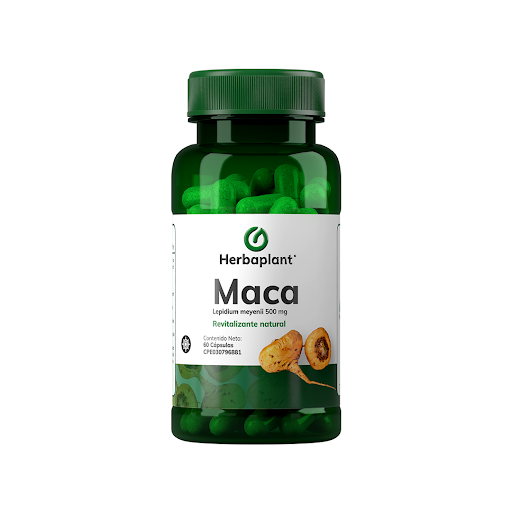 MACA HERBAPLANT X 60 CAP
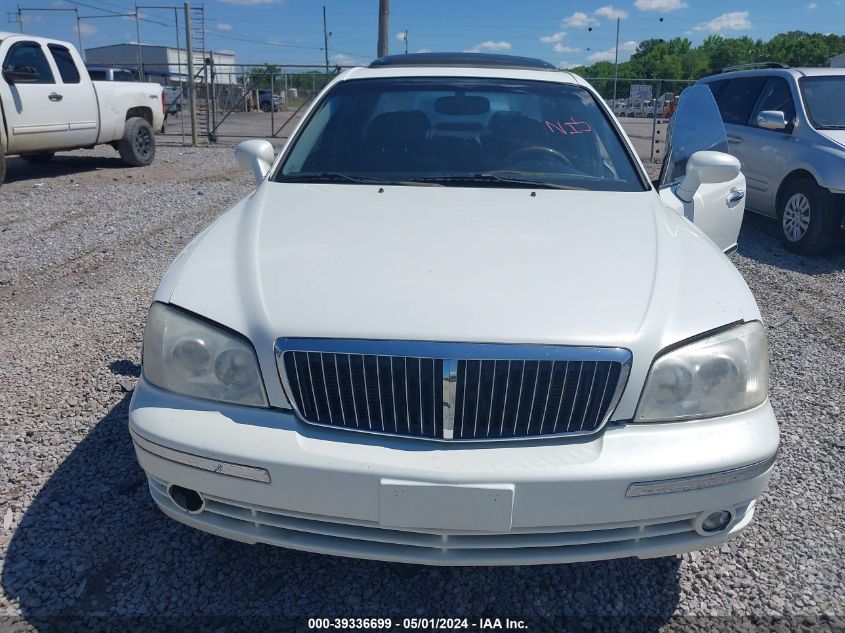 KMHFU45E95A407046 | 2005 HYUNDAI XG350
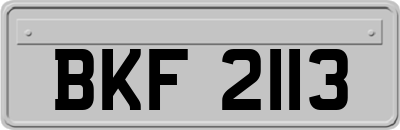 BKF2113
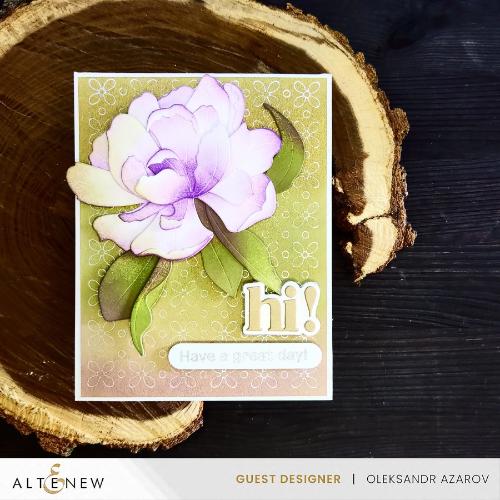 Altenew - Pink Star Tulip Layering Die Set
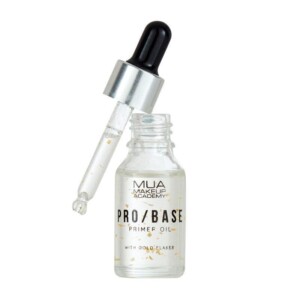 MUA- PRO/BASE PRIMER OIL WITH GOLD FLAKES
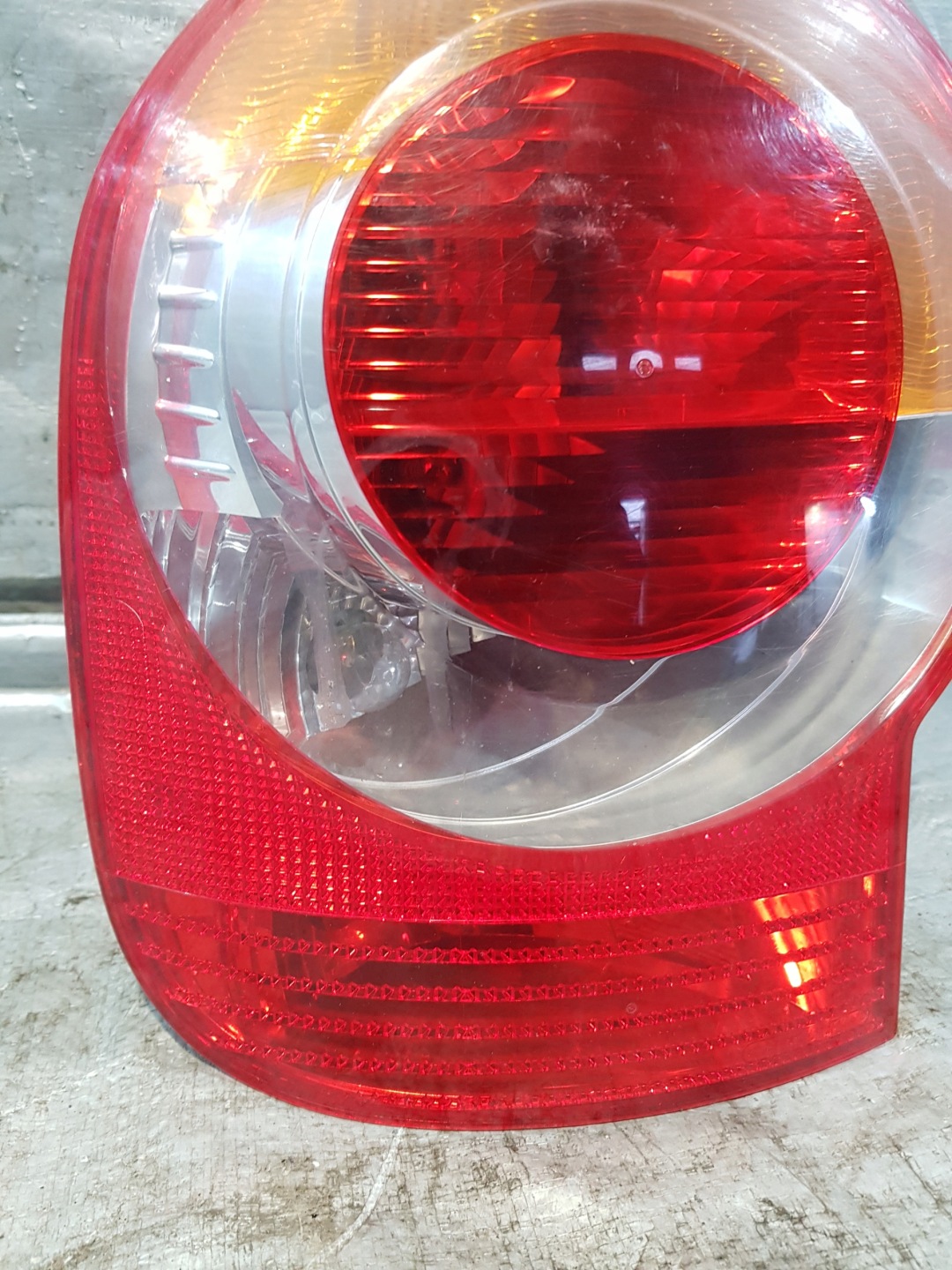 RENAULT MODUS light left rear part rear 8200212205 + WKLAD EU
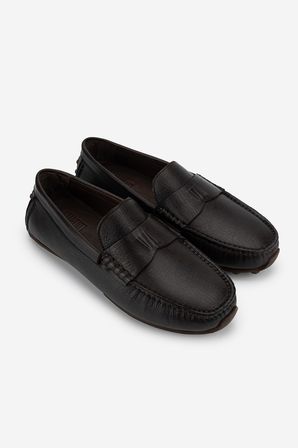 Valmenti Erkek Hakiki Deri Acı Kahve Loafer Ayakkabı 1202 500-118 ERK AYK Y26 KAHVE SRZ FL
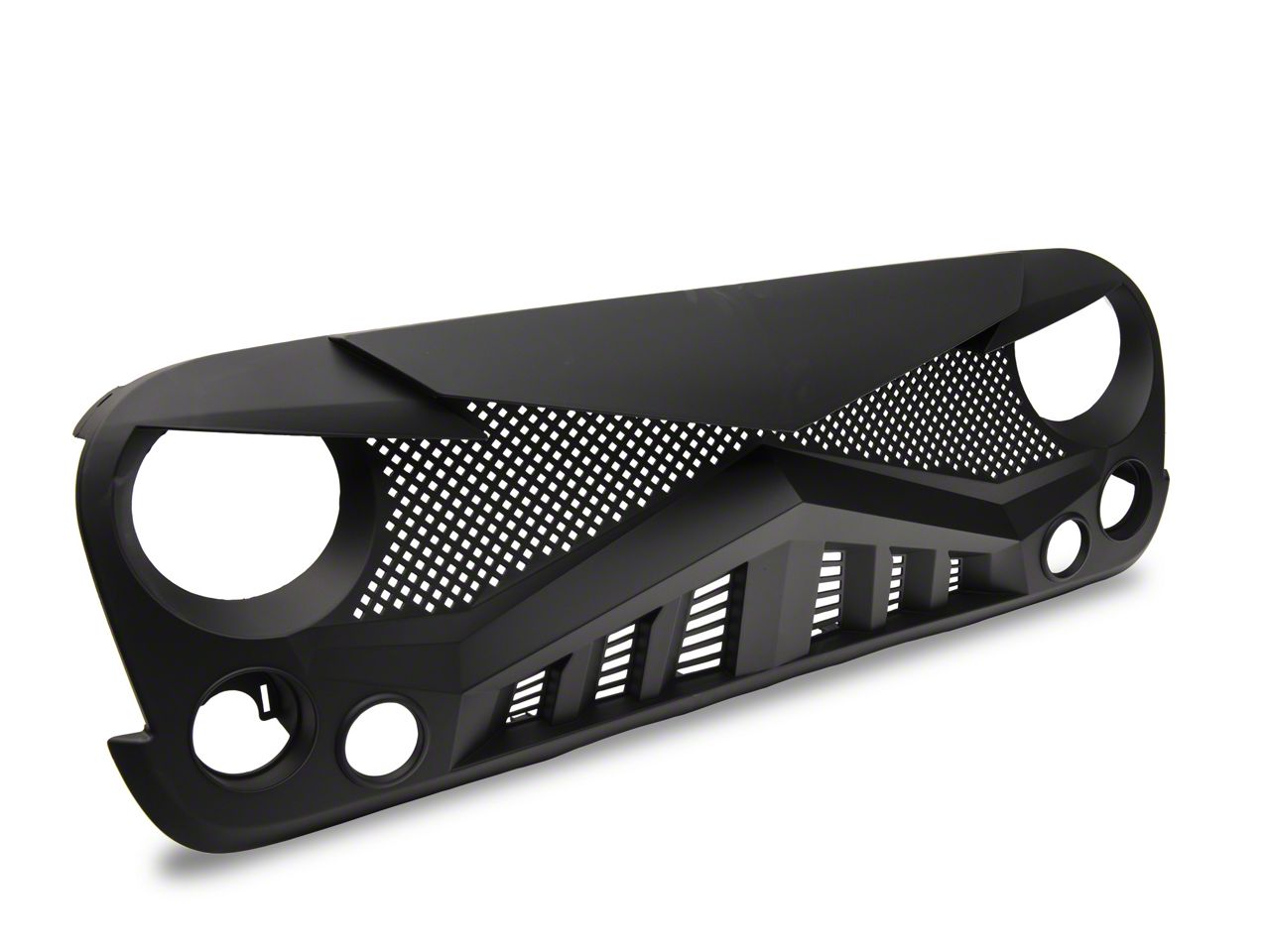 RedRock Jeep Wrangler Apocalypse Grille J134257 (07-18 Jeep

^^^^

* _GOAL OF THE EXERCISE_
Print exactly, and only, the lines from the one with "Altenew - Pink Star Tulip Layering Die Set" through the last line of the listing above. No pictures belong in the copy.

* _EXERCISE RESPONSE_
 Altenew - Pink Star Tulip Layering Die Set
 MUA- PRO/BASE PRIMER OIL WITH GOLD FLAKES
 RENAULT MODUS light left rear part rear 8200212205 + WKLAD EU
 Valmenti Erkek Hakiki Deri Acı Kahve Loafer Ayakkabı 1202 500-118 ERK AYK Y26 KAHVE SRZ FL
 RedRock Jeep Wrangler Apocalypse Grille J134257 (07-18 Jeep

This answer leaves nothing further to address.